▶
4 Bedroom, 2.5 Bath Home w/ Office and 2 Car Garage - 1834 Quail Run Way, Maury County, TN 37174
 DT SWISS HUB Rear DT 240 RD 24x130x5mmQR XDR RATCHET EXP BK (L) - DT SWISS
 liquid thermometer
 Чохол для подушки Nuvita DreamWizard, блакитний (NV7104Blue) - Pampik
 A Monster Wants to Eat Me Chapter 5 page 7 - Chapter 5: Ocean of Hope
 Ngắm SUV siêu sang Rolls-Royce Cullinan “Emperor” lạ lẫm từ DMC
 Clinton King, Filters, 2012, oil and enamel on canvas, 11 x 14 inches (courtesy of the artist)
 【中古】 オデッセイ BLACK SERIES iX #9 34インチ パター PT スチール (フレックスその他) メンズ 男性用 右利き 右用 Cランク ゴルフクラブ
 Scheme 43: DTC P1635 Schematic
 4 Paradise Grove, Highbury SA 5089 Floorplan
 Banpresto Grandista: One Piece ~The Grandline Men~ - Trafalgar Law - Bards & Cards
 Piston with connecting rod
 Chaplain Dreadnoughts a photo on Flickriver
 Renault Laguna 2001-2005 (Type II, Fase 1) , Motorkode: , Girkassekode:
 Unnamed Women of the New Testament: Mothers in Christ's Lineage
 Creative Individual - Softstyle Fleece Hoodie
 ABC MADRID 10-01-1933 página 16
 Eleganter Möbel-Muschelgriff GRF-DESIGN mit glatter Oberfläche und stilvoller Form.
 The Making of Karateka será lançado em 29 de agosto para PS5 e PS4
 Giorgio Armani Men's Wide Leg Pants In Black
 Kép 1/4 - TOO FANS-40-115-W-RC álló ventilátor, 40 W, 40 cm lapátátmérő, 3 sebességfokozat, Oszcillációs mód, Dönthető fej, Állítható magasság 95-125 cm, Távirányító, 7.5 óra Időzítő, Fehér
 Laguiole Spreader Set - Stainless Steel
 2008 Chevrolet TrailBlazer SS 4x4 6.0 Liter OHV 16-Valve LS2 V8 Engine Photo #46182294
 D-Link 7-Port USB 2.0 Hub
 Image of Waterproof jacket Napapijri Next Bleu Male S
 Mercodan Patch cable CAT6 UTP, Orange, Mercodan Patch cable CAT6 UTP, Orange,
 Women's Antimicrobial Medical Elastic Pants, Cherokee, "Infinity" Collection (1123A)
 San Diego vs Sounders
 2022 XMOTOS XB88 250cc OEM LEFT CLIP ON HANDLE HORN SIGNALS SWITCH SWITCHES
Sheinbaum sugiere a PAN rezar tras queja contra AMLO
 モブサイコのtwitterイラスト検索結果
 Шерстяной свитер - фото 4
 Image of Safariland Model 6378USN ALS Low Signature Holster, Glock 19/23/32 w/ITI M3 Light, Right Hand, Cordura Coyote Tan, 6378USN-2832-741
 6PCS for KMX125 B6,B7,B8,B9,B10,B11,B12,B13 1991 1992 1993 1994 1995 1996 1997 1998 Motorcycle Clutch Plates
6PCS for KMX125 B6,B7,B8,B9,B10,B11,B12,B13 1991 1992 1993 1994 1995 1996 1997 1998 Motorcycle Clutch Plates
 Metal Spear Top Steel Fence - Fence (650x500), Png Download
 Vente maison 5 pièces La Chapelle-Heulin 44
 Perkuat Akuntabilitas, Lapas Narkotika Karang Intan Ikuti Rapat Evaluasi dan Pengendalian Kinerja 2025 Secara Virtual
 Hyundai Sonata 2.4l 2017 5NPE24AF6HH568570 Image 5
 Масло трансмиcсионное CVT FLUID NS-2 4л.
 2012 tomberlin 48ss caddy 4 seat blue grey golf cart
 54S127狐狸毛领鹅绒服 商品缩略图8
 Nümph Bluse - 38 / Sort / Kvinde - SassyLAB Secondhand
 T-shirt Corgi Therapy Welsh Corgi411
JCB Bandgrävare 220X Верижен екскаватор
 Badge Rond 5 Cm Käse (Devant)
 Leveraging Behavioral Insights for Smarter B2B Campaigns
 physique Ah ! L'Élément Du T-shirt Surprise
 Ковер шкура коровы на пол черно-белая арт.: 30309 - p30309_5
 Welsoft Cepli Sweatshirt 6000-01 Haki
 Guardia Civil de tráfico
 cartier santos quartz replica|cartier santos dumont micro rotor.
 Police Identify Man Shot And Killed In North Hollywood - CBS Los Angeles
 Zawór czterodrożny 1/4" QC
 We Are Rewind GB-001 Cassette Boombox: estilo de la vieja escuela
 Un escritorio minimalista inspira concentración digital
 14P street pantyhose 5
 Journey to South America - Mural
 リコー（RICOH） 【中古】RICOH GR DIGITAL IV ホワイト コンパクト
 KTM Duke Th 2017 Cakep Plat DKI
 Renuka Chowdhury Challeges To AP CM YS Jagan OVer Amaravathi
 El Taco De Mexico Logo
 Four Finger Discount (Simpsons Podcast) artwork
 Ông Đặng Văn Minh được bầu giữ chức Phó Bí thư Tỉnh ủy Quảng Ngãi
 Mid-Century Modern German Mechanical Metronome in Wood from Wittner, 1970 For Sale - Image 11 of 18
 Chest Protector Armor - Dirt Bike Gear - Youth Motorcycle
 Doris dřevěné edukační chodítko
◀
- WHAT TO DO
Go through the entries and return each line where the word "Pants" appears.

- FINAL ANSWER
 Giorgio Armani Men's Wide Leg Pants In Black
 Women's Antimicrobial Medical Elastic Pants, Cherokee, "Infinity" Collection (1123A)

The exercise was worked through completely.